A close up image of margherita pizza slices.

Sorry We Sucked

If you know me, you know I’d always pick a kebab as my go to takeaway (Edi’s Kebabs in Milton Keynes, if you’re asking). But my daughter has a Domino’s just a minute walk away from her university house and between them all they’ve given them some pretty good business this past year.

Which is interesting because in the early 2000s, Domino’s wasn’t an exciting option. It was a disappointing one.

They were really struggling with their reputation. Customer perception was terrible because people actively thought of it as bad pizza. It was a last resort option, and sales were, understandably, under pressure.

The problem? All to do with listening.

In terms of taste, customers repeatedly ranked it last. And instead of listening to this straight away, the company continued delivering people what it thought they wanted: speed.

What needed to change wasn’t anything to do with culinary genius. It was all to do with attention. 

When David Brandon became CEO, he acknowledged this. He went to the people closest to the product and the customer, the staff who worked in the stores daily. What he found was a huge disconnect from the corporate level. Staff in the stores felt unheard and the morale was low, employee turnover rates were high.

The next step was crucial: questions were asked. Meaningful questions without consequences for brutal answers. Focus groups were introduced for feedback. It was not necessarily something easy to hear, but it created the clarity Domino’s had been missing.

By accepting how they were perceived by customers, and what really mattered to their customers, they were able to start rebuilding. 

The change they made was bold and seemingly counterintuitive. The new CEO, Patrick Doyle’s, marketing campaign was called “Sorry We Suck”. It was blunt and risky. But it was important because it offered customers honesty. There was no attempt to hide the reality and spin a good story. They confronted it, admitting customers had a right to be disappointed and that they were actively changing.

This honesty was powerful. It rebuilt trust.

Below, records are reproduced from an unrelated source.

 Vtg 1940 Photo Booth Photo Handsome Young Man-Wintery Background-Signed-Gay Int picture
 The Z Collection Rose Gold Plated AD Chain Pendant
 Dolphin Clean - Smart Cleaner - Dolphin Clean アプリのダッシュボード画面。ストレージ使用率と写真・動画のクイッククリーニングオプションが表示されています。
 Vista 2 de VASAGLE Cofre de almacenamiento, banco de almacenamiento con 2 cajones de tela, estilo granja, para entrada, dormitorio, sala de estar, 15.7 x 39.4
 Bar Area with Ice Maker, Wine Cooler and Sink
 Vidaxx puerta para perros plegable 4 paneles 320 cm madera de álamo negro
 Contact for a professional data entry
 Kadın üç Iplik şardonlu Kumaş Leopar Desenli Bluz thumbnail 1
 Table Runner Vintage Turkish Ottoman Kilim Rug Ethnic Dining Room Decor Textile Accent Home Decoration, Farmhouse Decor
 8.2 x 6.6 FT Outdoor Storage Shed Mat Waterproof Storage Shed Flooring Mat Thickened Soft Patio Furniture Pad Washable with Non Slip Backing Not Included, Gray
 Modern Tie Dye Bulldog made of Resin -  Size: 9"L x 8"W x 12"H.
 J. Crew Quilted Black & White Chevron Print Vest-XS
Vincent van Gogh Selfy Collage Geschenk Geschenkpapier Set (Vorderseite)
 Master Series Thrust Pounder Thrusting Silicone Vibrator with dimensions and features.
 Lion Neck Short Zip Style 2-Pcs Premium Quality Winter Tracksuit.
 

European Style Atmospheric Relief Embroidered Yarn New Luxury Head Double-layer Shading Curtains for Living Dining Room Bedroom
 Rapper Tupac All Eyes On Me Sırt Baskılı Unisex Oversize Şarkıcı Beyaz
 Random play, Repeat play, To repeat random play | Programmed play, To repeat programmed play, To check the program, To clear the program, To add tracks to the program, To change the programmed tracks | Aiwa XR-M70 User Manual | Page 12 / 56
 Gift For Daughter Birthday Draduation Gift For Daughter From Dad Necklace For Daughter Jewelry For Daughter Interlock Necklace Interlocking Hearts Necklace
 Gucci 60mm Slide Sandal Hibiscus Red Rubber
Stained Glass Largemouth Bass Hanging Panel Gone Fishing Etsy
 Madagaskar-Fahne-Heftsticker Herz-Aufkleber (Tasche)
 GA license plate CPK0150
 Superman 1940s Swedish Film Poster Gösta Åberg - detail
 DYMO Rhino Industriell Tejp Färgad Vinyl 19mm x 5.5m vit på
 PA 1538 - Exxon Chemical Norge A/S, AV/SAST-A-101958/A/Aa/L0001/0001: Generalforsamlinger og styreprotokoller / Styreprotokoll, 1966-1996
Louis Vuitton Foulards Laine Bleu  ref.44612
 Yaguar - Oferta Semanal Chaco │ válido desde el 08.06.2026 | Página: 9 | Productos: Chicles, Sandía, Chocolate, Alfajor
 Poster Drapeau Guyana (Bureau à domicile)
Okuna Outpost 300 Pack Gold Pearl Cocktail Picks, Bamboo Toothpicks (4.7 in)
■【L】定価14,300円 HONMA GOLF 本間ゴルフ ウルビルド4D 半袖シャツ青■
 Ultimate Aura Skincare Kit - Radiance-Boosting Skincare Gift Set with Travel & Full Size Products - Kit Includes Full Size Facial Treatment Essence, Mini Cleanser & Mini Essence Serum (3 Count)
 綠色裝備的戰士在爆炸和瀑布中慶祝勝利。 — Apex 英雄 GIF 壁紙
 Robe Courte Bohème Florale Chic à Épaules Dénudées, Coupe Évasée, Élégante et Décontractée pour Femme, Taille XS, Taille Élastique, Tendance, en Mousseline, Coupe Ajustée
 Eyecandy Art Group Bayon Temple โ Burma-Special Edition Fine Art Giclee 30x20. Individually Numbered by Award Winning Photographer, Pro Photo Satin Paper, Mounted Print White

Internally, there was a similarly important effect. Employees were finally being included instead of being instructed from the top down. Feedback and progress became something they were a part of.

That combination, honesty on the inside and clarity from the outside, was the foundation from which Domino’s turned itself around.

You only have to think about what pizza brand you’d choose for your takeout to understand how successful this turnaround has been. Domino’s has become the trustworthy default.

Which just shows that transformation doesn’t always mean becoming the best. Sometimes it means becoming the choice your customers can trust again.